The Bobcats (the worst team in the league in 2011-2012) have missed the playoffs five out of six times since Jordan joined the team and finished with the worst record this season.
As close to the playoffs as Jordan and the ‘cats will get in the next few years.
As both the face of the franchise and the man calling the shots, Jordan has to take the blame for it.
He’s arguably the best to ever play the game, but the team’s failings shouldn’t come as a surprise.
It’s another example of the Halo Effect.
Halo Effect: Greatness in one area of life influences our perceptions of an individual in others. We tend to overestimate situational competence.
There’s a direct positive correlation between attractiveness and success in the corporate world.
Attractive people are afforded a significant advantage over their peers in nearly every walk of life.
It’s not strictly a causal relationship (correlation does not equal causation); it’s a function of opportunity to display talent and ability.
People want to align themselves with those who display traits that are highly-valued.
Desirable traits, such as physical attractiveness, are held in high regard; we are more willing to do things/provide opportunity for people we like and respect.
It’s the Principle of Association—- one of several principles of influence that explain much of how we think and make decisions.
The more chances you’re given to excel, the higher the likelihood that you’ll do just that. Success begets healthy self-esteem, confidence, and assertiveness—-traits that facilitate further excellence.
Industries in the public eye (e.g. acting, politics) will always be dominated by “beautiful people”—-regardless of individual merit.
The power of the Halo Effect poses an intriguing question for parents as well.
Former star athletes have broadcasting and sports analysis jobs waiting for them when they retire. Retired senators and government executives land prestigious jobs as lobbyists and corporate big-wigs when their terms are up in Washington D.C.
It’s assumed that these folks will perform well in their new jobs—-or at least provide some publicity for their new companies.
Unfortunately, that’s not always the case.
Greatness in one field doesn’t always translate to superior performance in another. The skills and abilities essential for success in one arena may carry little weight in another.
The transition from great athlete to front office executive is a not an easy one. Ironically, all-time great performers often have the most difficulty.
Kareem Abdul-Jabbar, the NBA’s All-Time Leading Scorer, was an ineffective coach. He was aloof and had trouble relating to the rank-and-file players that populate every NBA roster.
Jordan—-a renowned workaholic whose desire to prepare to win may be unparalleled—-refused to be outworked as a player.
The same hubris that made him an unstoppable force on the hardwood may hinder his performance in the front office. Star performers often overestimate their ability to succeed in other subject areas; it can lead to disastrous results.

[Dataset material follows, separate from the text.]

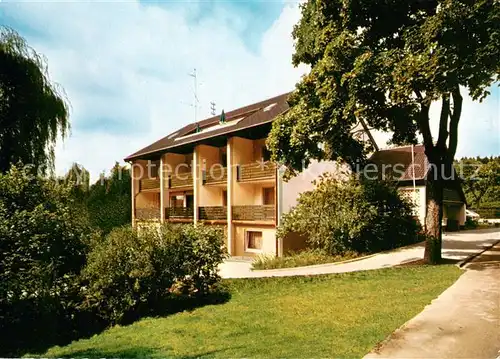 AK / Ansichtskarte Bad_Duerrheim Kurheim Waldeck Haus Ingeborg Bad_Duerrheim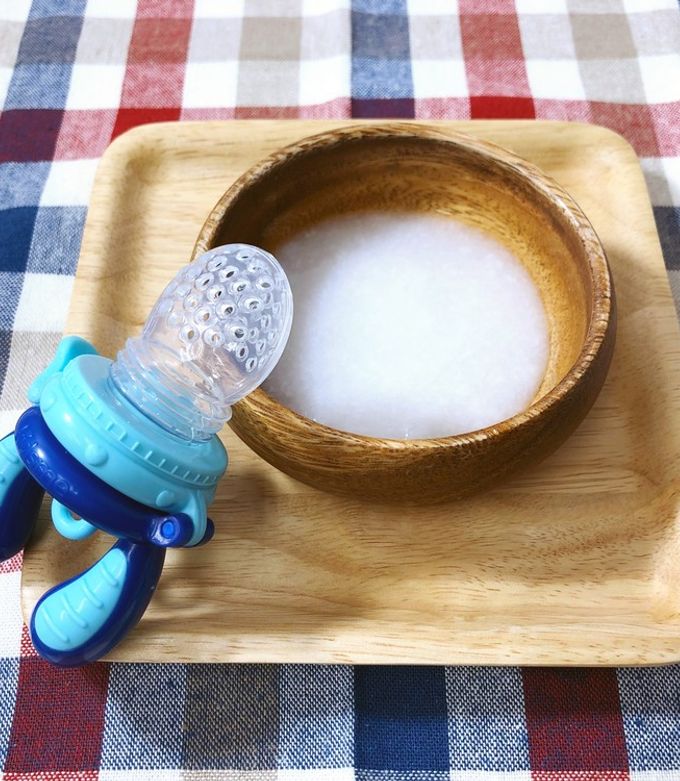 ☆離乳食☆ご飯から作る簡単10倍粥 by パクオ☆ 【クックパッド】 簡単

Otherworldly performance as an NBA player does not confer an eye for player chemistry, talent, and shrewd cap decisions. Poor drafting, questionable free agent signings, and no cohesive plan of action have relegated the Bobcats to the league basement.
The rumored presence of “yes-men” may also be to blame.
Jordan hired former Blazers General Manager Richard Cho in 2011, a step in the right direction. They drafted a few good pieces in 2011 (Bismack Biyombo, Kemba Walker) and the new CBA levels the financial playing field for small-market teams, so there is hope for the future.